▸ WHAT THE TASK REQUIRES:
Pictures are to be left out, and only the lines from the one containing "Dubai, Hhohho Acheter" through the last line of the data are to be returned exactly.

=-=-=-=-=

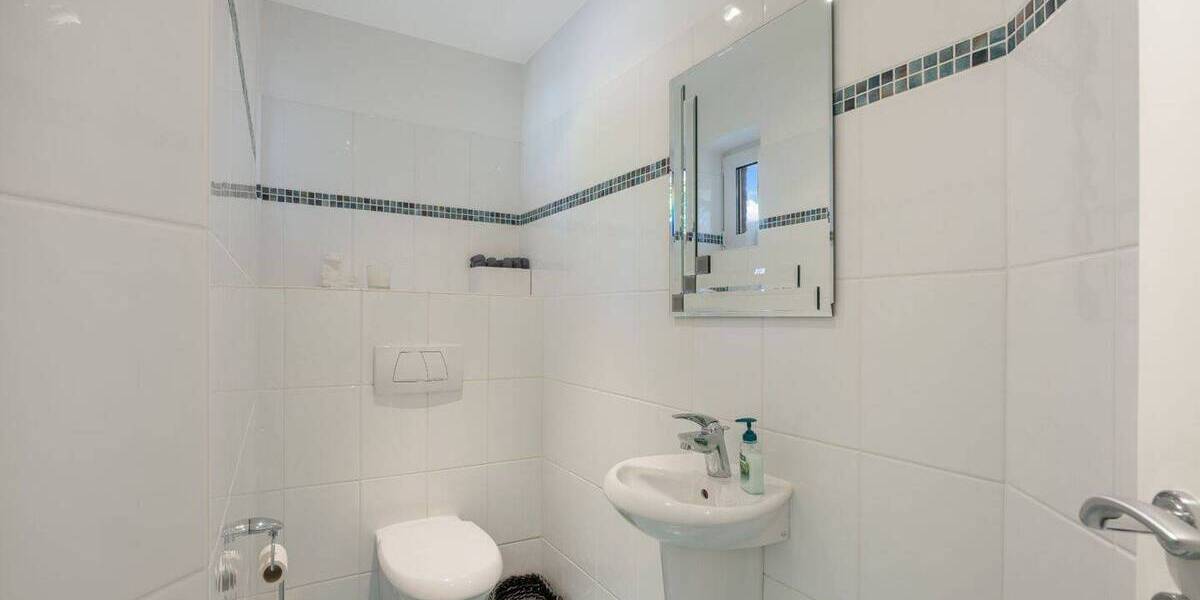Einfamilienhaus Neuss Rosellen - 5 Zimmer, 196 m&sup2;, 940.000&euro; | Angebot:26840910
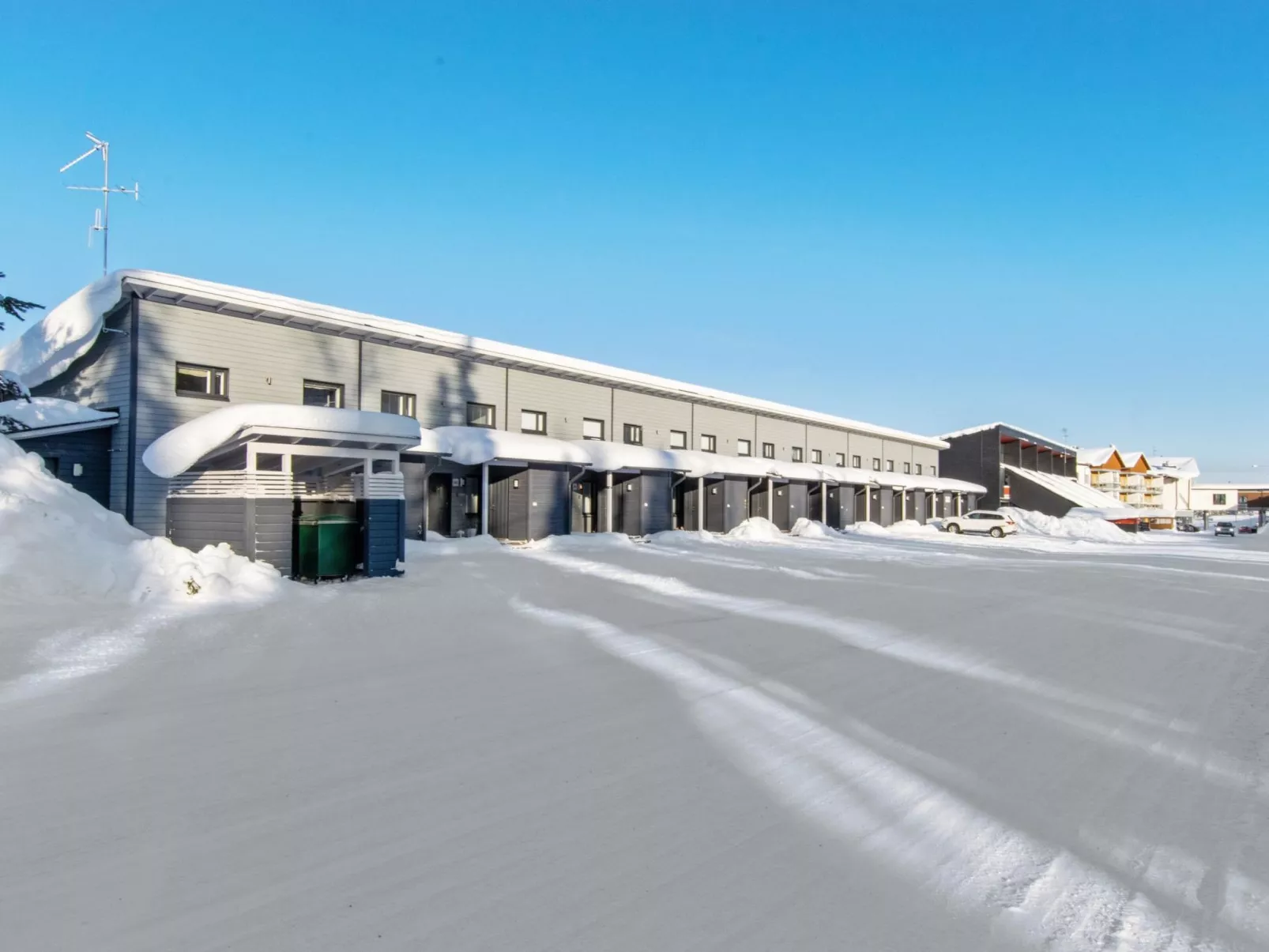 Skivillas 78 ukkohalla (7)-Binnen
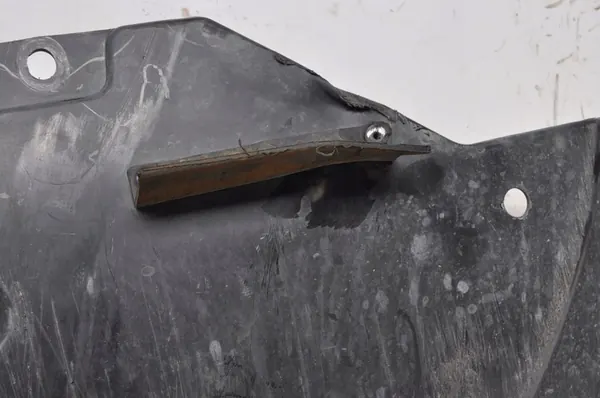 Maserati Ghibli III Stötfångardekor 670001748 image 5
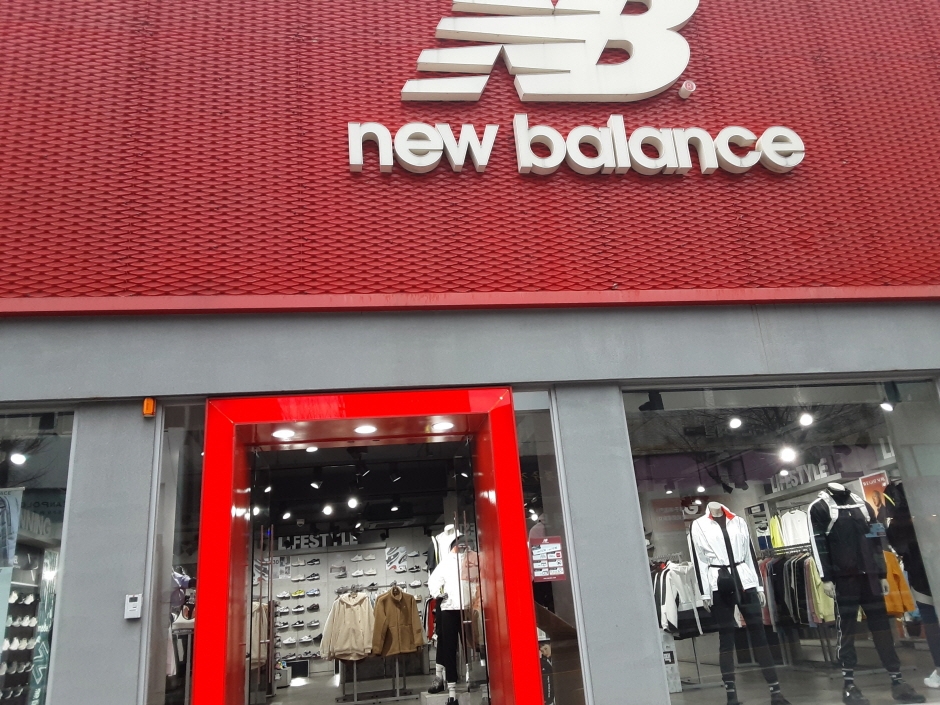 New Balance - Sinjeju Branch [Tax Refund Shop] (뉴발란스 신제주)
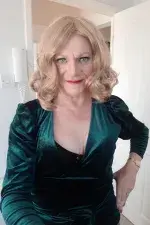 ZoeSapphireFeelgood's gallery photo 19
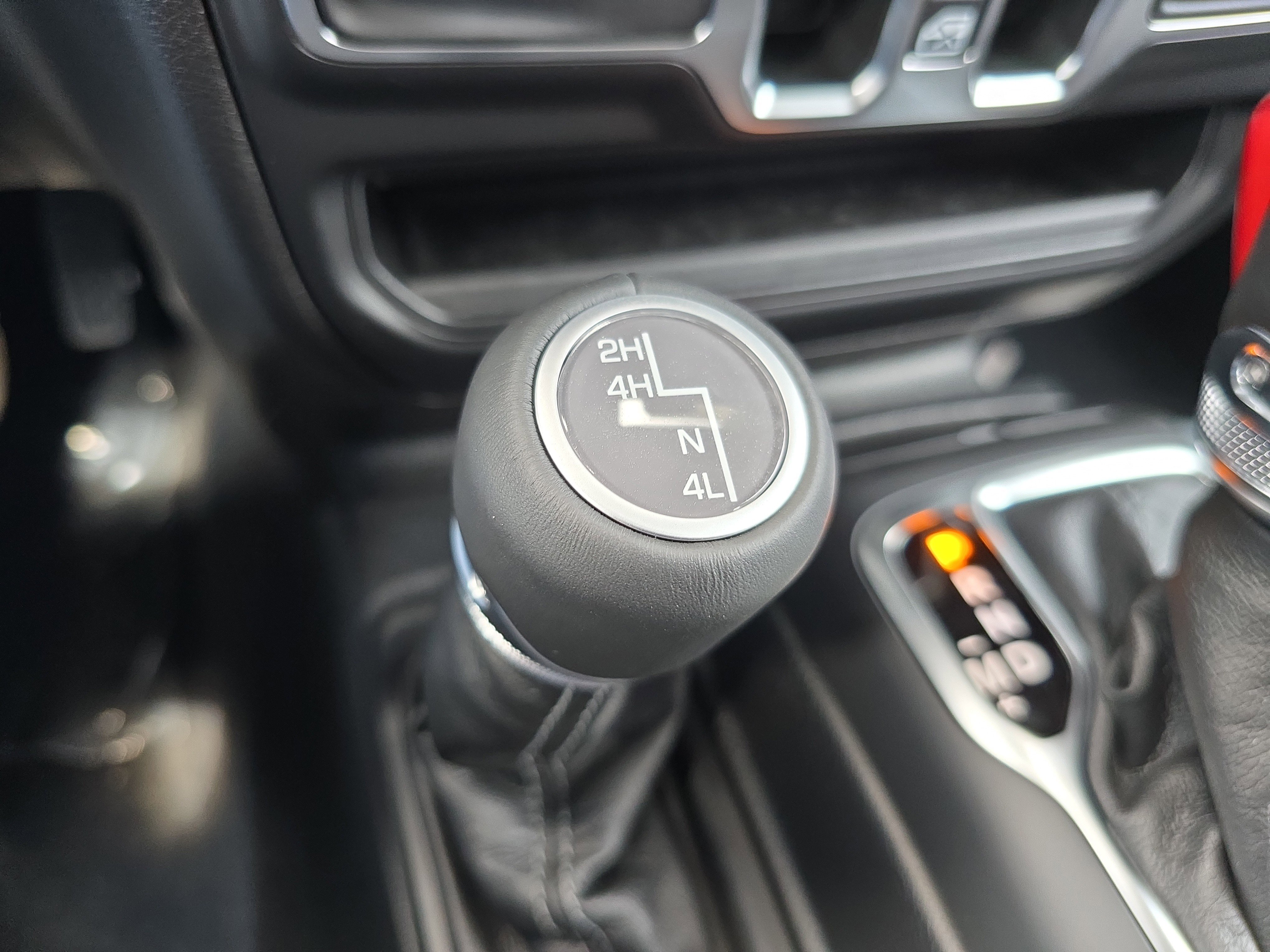 New 2025 Jeep Gladiator Sport image 24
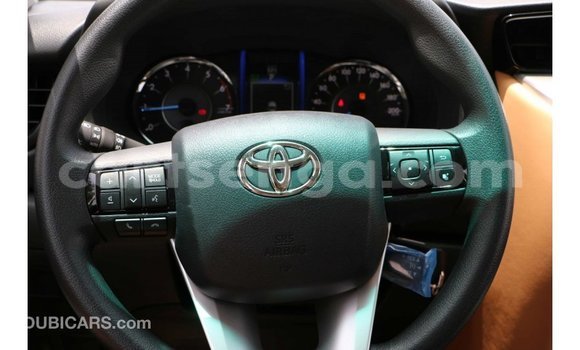 Acheter Import Voiture Toyota Fortuner Noir à Import - Dubai, Hhohho Acheter Import Voiture Toyota Fortuner Noir à Import - Dubai, Hhohho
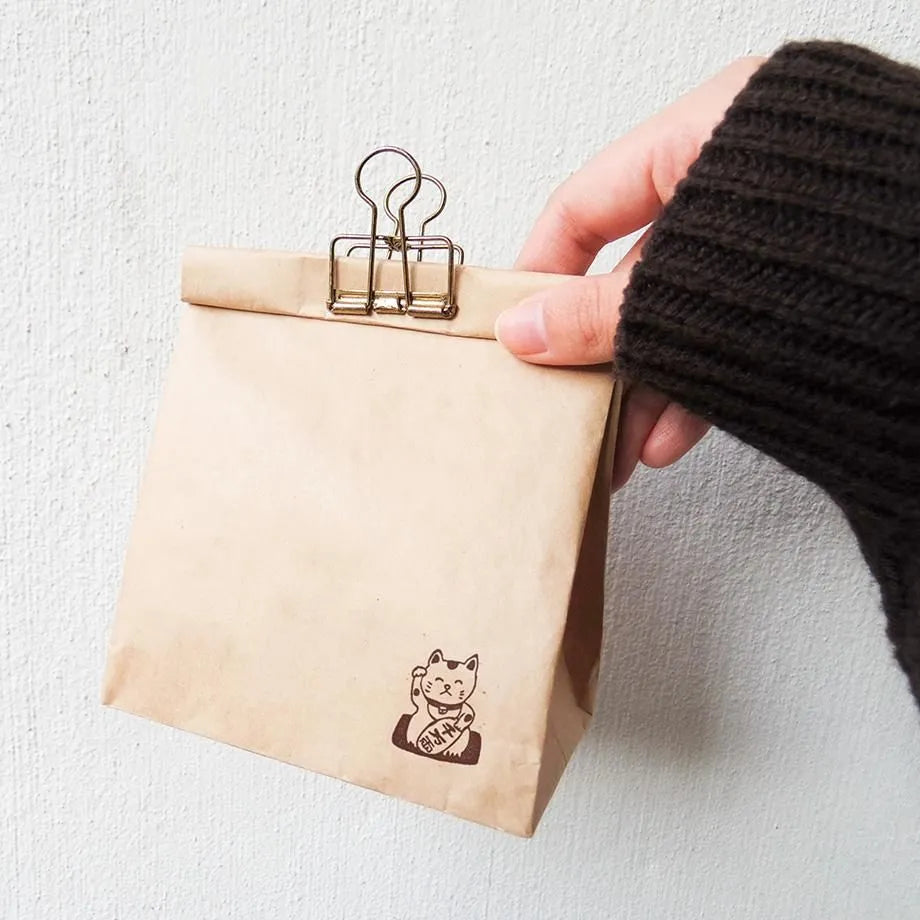 Cozyca Products - Sello de Madera de Ai Okino - ManekiNeko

=-=-=-=-=

▸ RESPONSE AREA:
 Acheter Import Voiture Toyota Fortuner Noir à Import - Dubai, Hhohho Acheter Import Voiture Toyota Fortuner Noir à Import - Dubai, Hhohho
 Cozyca Products - Sello de Madera de Ai Okino - ManekiNeko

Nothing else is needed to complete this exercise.